The caveat is the same as every category: overpriced listings are sitting. Buyers in 2026 are doing their homework, and in a market with 11-day median days on market, anything sitting for 20+ days is visibly stale. Correct pricing from day one — with comparable sales to back it up — consistently outperforms "test high and reduce."
On condition: townhomes that are move-in ready sell faster and for more than those needing cosmetic work. At the $614K median, buyers have alternatives. The ones choosing your home over the competition will do so for condition and price — both of which you control.
Frequently Asked Questions
What is the average townhome price in the DC Metro in 2026?
The median sold price for an attached townhome across the Washington DC Metro was approximately $614,410 in March 2026 (Bright MLS).
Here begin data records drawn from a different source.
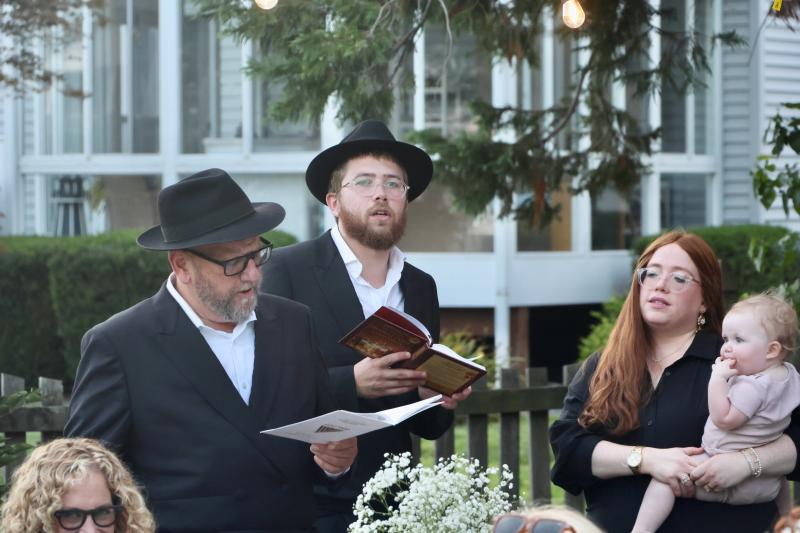 Guest speaker David Nesenhoff, left, and Rabbi Sholom Vogel lead prayers before dinner. Chanele Vogel, right, looks on. Nesenhoff is an internationally known speaker who has embarked on a mission to oppose anti-Semitism.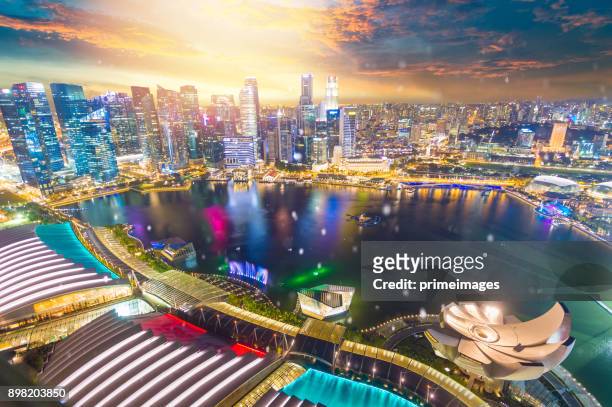 view of the skyline of singapore downtown cbd - merlion park singapore stock pictures, royalty-free photos & images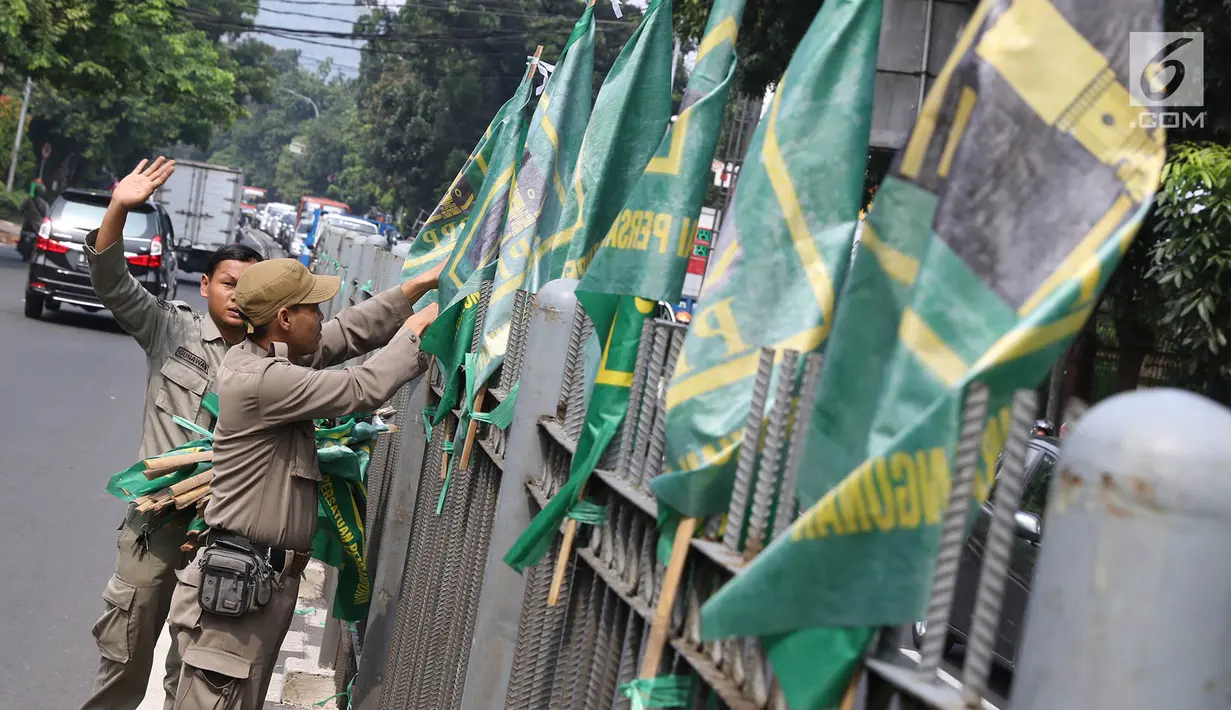 Petugas Satpol PP mencopot bendera partai politik di sepanjang pagar kawasan Pancoran, Jakarta. Selasa (18/7). Pencopotan dilakukan untuk menertibkan bendera partai politik liar yang memenuhi ruang publik di Ibukota. (Liputan6.com/Immanuel Antonius)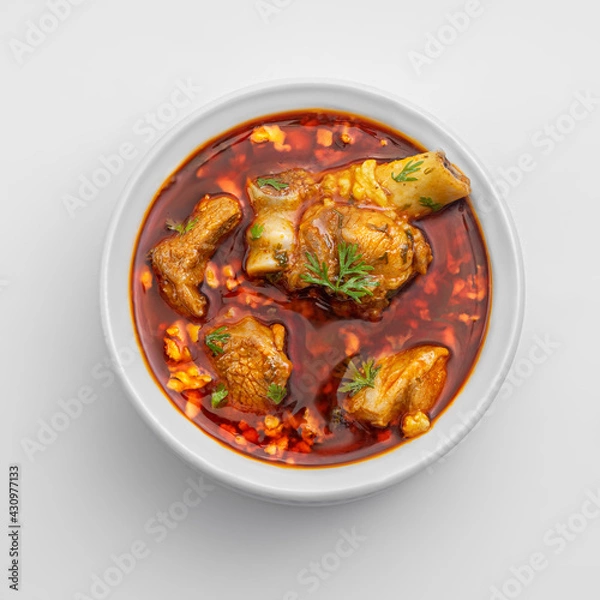 Fototapeta chicken or meat masala or curry in a white bowl on white background including red spicy gravy or curry 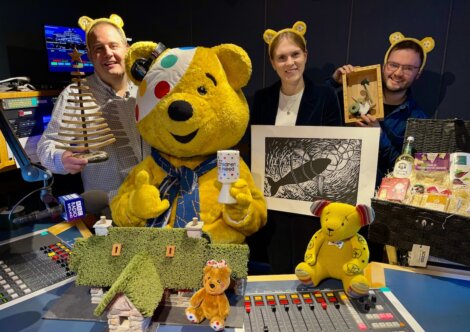 Four people, one in a Pudsey Bear costume, pose in a radio studio surrounded by various toys, crafts, and gift items, all supporting BBC Children in Need.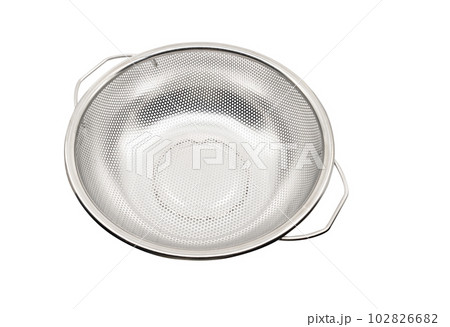 Isolated stainless steel colander on white background. Empty stainless steel colander, 45-angle view from above. 102826682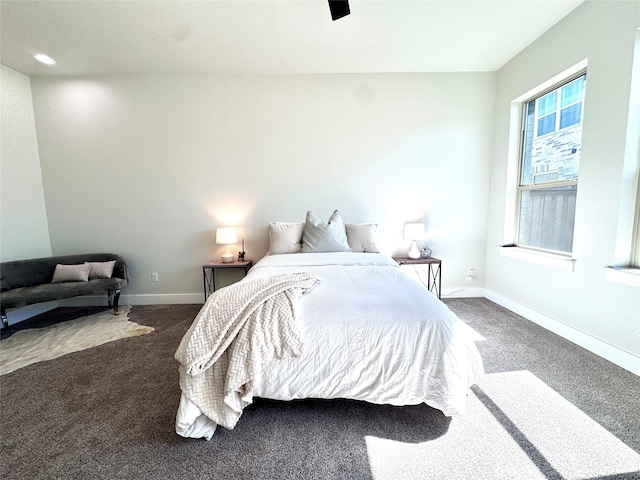 bedroom with dark carpet and ceiling fan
This ranges from under $400K in outer-ring suburbs to $800K+ in Arlington and close-in Montgomery County neighborhoods.
How quickly are townhomes selling in DC Metro?
The median townhome went under contract in 11 days in March 2026 — faster than DC condos (30 days) but slower than detached single-family homes (7 days). In competitive price ranges and locations, townhomes can go under contract over a weekend.
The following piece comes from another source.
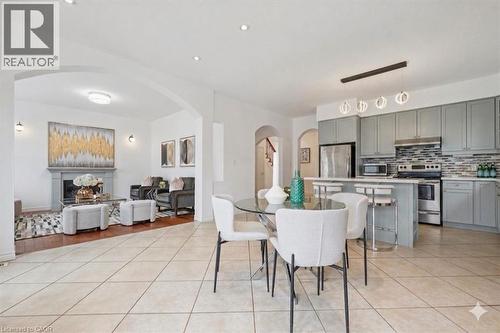 Open-concept living space with light-toned tile flooring, a kitchen featuring grey cabinetry and stainless steel appliances, a breakfast bar with seating, a dedicated dining area, and an arched entryw - 512 Wood Nettle Way, Waterloo, ON - Indoor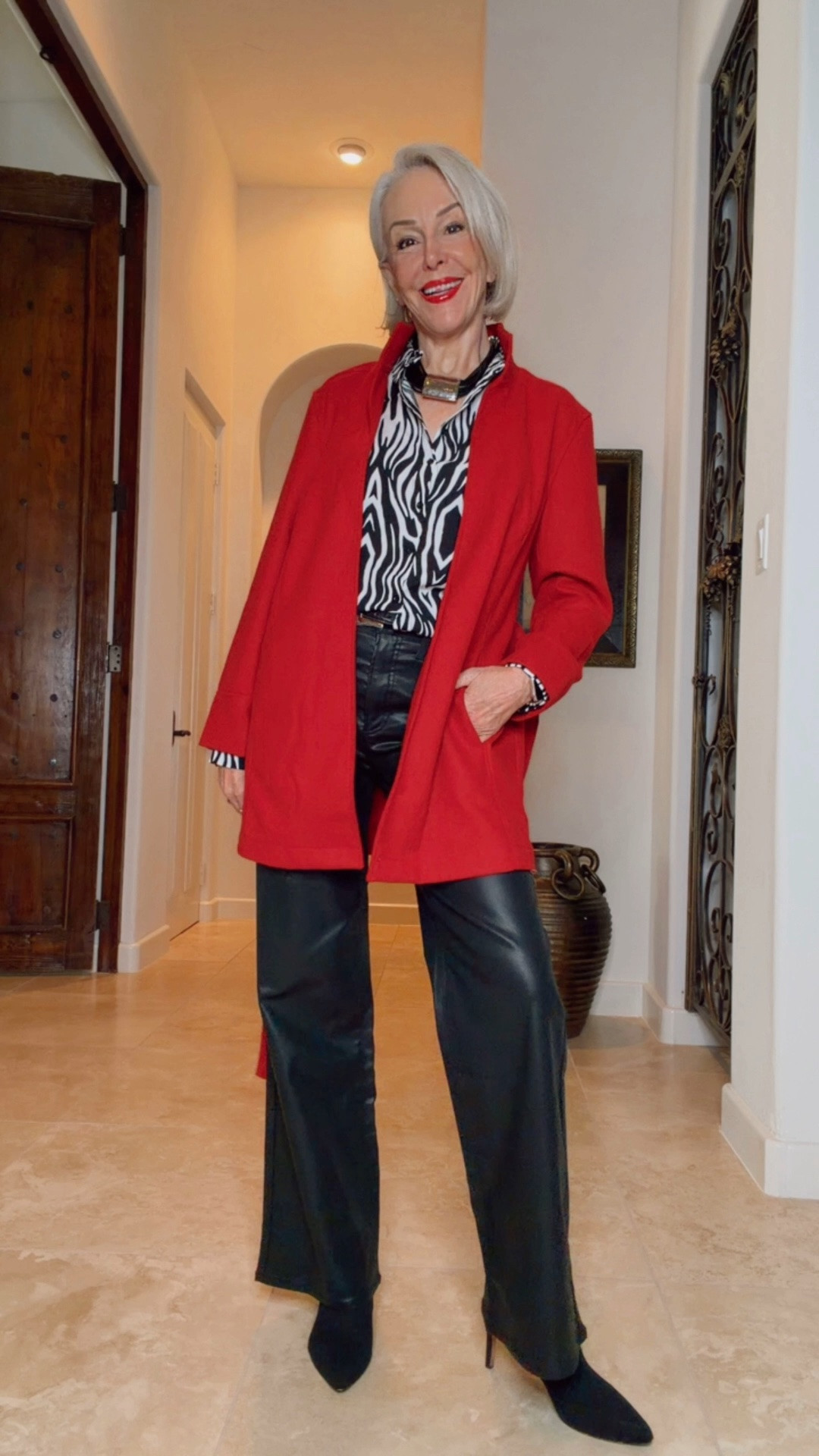 Melton red wool self belt coat worn multiple ways. With leopard, zebra, over a LBD, red on red. 
Bold accessories, and faux leather pants

#LTKOver40 #LTKWorkwear #LTKgrwm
Are there townhomes under $500K near DC?
Yes. Prince George's County (Bowie, Laurel, Greenbelt), Germantown in Montgomery County, and Manassas/Dale City in Virginia all have townhomes under $500K within reasonable commuting distance. The trade-off is typically a longer commute or a different school district.
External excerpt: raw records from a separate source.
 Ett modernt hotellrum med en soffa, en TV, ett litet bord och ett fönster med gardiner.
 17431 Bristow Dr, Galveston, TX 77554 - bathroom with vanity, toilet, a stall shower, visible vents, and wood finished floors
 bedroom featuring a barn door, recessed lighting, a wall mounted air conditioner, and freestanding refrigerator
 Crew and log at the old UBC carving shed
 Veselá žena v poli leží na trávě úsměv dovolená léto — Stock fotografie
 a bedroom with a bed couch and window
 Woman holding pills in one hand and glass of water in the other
Should I buy a townhome or wait for a single-family home?
This depends on your budget and timeline. If your budget is $600–700K, a townhome gives you homeownership now in a solid market. Waiting for an SFH at the same budget means competing in an even tighter market (7 days, $850K median). For buyers who need space and have a long timeline, the SFH market is worth the wait. For buyers with kids starting school soon or a lease ending, a townhome now is often the better financial decision.
What townhome neighborhoods have the best value near Washington DC?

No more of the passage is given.